Generally, the quality of education during this period was modest. Neither Malay nor Indian streams led to secondary education until the Sultan Idris Training College was established in 1922. Thus, children of the Indian estate workforce were the least catered for despite the existence of the Labour Code 1923, where management was required to provide schools when the number of pupils exceeded 10. This is because such schools lacked qualified teachers and attendance was purely optional.

Health
Average expenditure on health was 10% and 6-8% of total expenditure between 1919 and 1938 in the Straits Settlement and FMS respectively. However, it is crucial to note that this figure is not an absolute indication of the health standards as there is evidence that the poorest and least-developed states such as Kelantan were amongst the healthiest. Reasons for this were believed to be that due to the sparse population and fewer disturbances in natural conditions from agriculture and mining, risks of widespread diseases were reduced.

Population
There was significant growth of a plural society in the 1920s. However, as the Great Depression came to an end, so did unrestricted immigration. The Aliens Ordinance 1932 was implemented in Malaya whereby a quota system was imposed on immigration of all adult males, excluding British nationals and British-protected persons. The stance taken in Borneo territories was similar. Alternatively, unrestricted immigration of women was promoted to reduce gender imbalance. Hereafter, natural increase was the prime factor of population growth.

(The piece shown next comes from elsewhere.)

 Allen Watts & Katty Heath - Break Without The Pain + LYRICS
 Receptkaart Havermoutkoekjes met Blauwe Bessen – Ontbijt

PERIOD: 1942 - 1945 (JAPANESE OCCUPATION)

During World War II, the Japanese invaded Malaya and defeated the British. This period can be categorised into 4 broad stages, ie (i). 1942: Reconstruction, (ii). 1943: Peak, (iii). 1944: Degeneration of conditions, and (iv). 1945: Continuous deterioration of conditions.

Import-substitution policies were adopted and controls were imposed on almost all aspects of economic activity, ie the Japanese assumed all aspects of the economy. Imports of rice were significantly reduced from 600,000 tonnes annually during the pre-war period to 168,000 tonnes annually from 1942-3. Supply of rice was imbalanced in states because states with surplus were prohibited from exporting to other states and people in deficit areas were prohibited from moving northwards.

The "scorched-earth policy" adopted when the British retreated from Malaya made reconstruction efforts necessary. However, restoration of export production was modest. Output of iron ore and coal peaked in 1943 and fell thereafter. Patterns in tin, oil and rubber industries were comparable. There was redistribution of labour during this period whereby Indian estate workers and Chinese miners in Malaya were conscripted to work on the Burma-Thai railway. The fact that the labour was distributed to areas unrelated to economic production contributed to the dislocation of former export economies.

Japanese rule had 2 contrary effects on the ethnic division. On the one hand, it heightened ethnic division by treating the Chinese brutally, while maintaining better relations with indigenous groups. On the other hand, scarcity of labour led to the blurring of ethnic divide through occupation.

Losses substantially outweighed any gains made during this period. The migrant communities were especially adversely affected. The Chinese were coerced into making "contributions" to the Japanese and virtually all the Chinese and Indian banks were forced to liquidate. Assets were then appropriated to Japanese banks.

Generally, living conditions deteriorated significantly during this period. Starvation occurred and incidence of beri-beri escalated. Rising inflation, coupled with a shortfall in food supplies against official allowances, impelled people into the black market.